Segment Start: GIVEN RECORDS

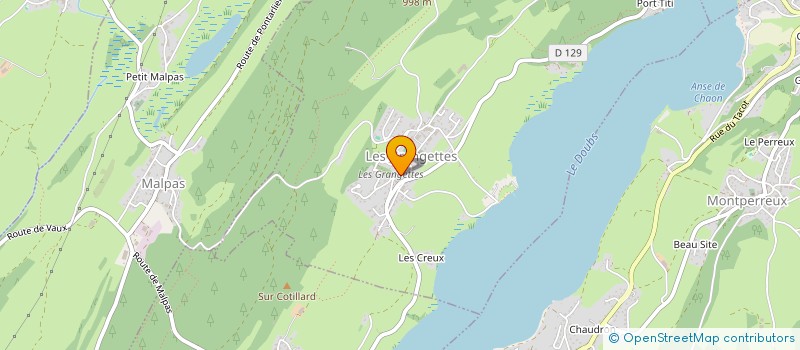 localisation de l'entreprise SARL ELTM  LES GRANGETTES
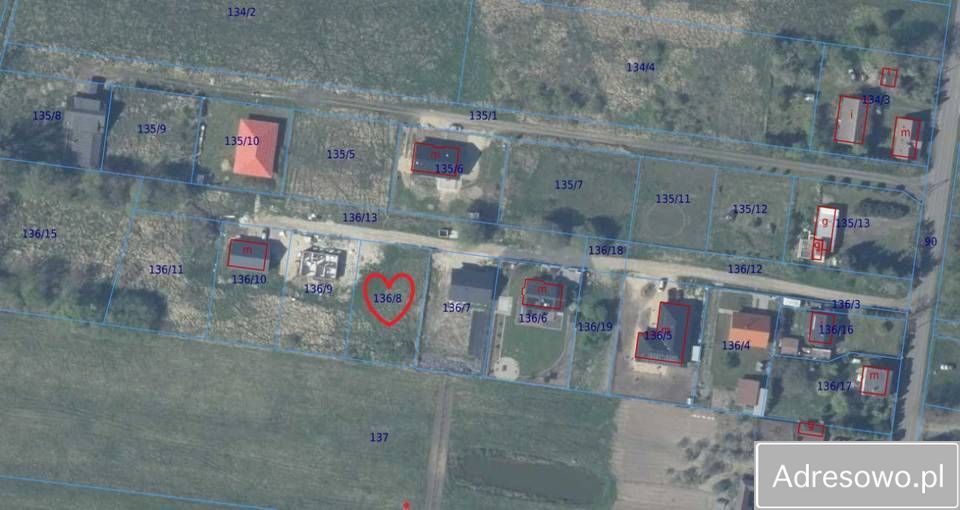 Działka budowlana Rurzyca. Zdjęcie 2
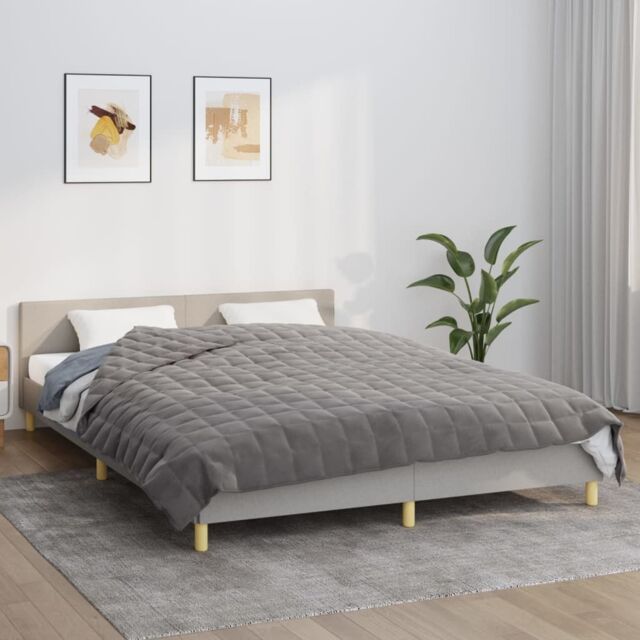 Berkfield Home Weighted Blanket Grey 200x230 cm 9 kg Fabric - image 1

Segment End: GIVEN RECORDS
Segment Start: GIVEN RECORDS

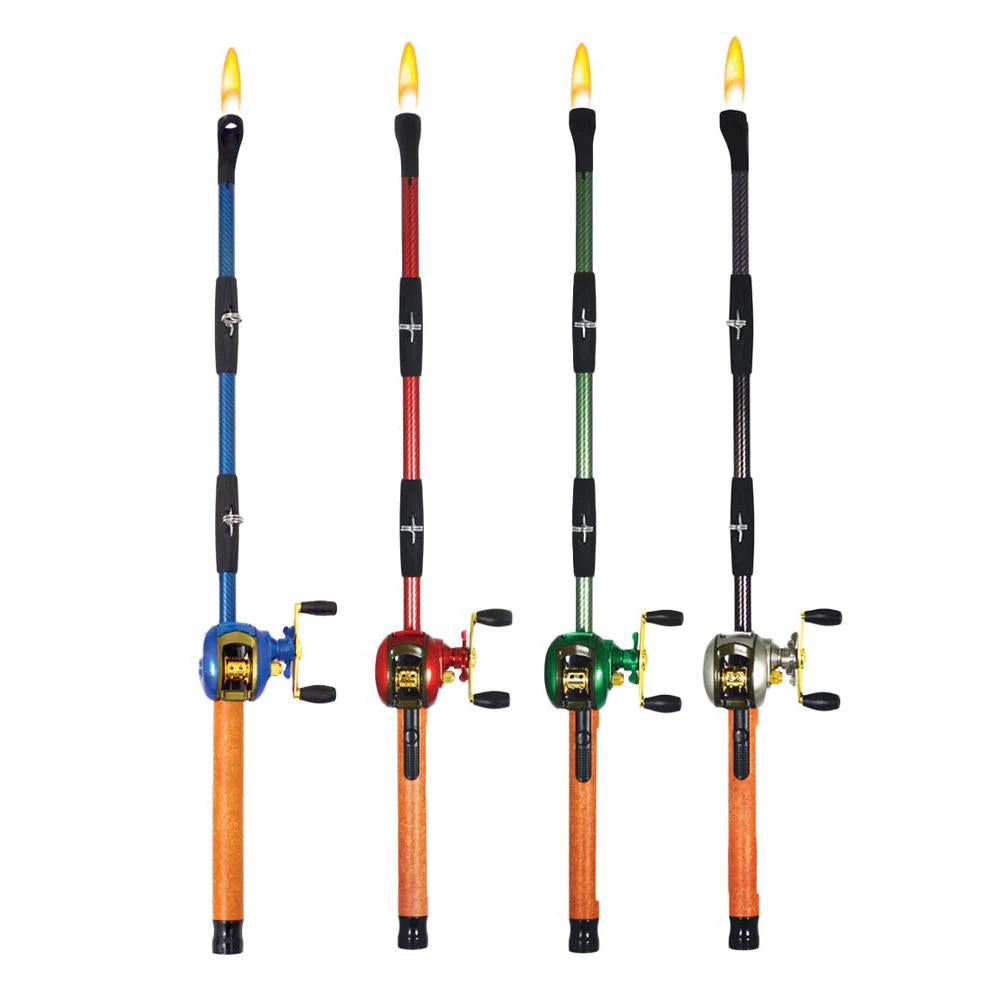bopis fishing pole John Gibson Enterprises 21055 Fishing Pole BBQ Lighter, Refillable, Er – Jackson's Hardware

Segment End: GIVEN RECORDS

The expected output is the lines above from the one containing "localisation de l'entreprise" to the one containing "Berkfield Home Weighted", both ends included, reproduced exactly with every picture left out.

 localisation de l'entreprise SARL ELTM  LES GRANGETTES
 Działka budowlana Rurzyca. Zdjęcie 2
 Berkfield Home Weighted Blanket Grey 200x230 cm 9 kg Fabric - image 1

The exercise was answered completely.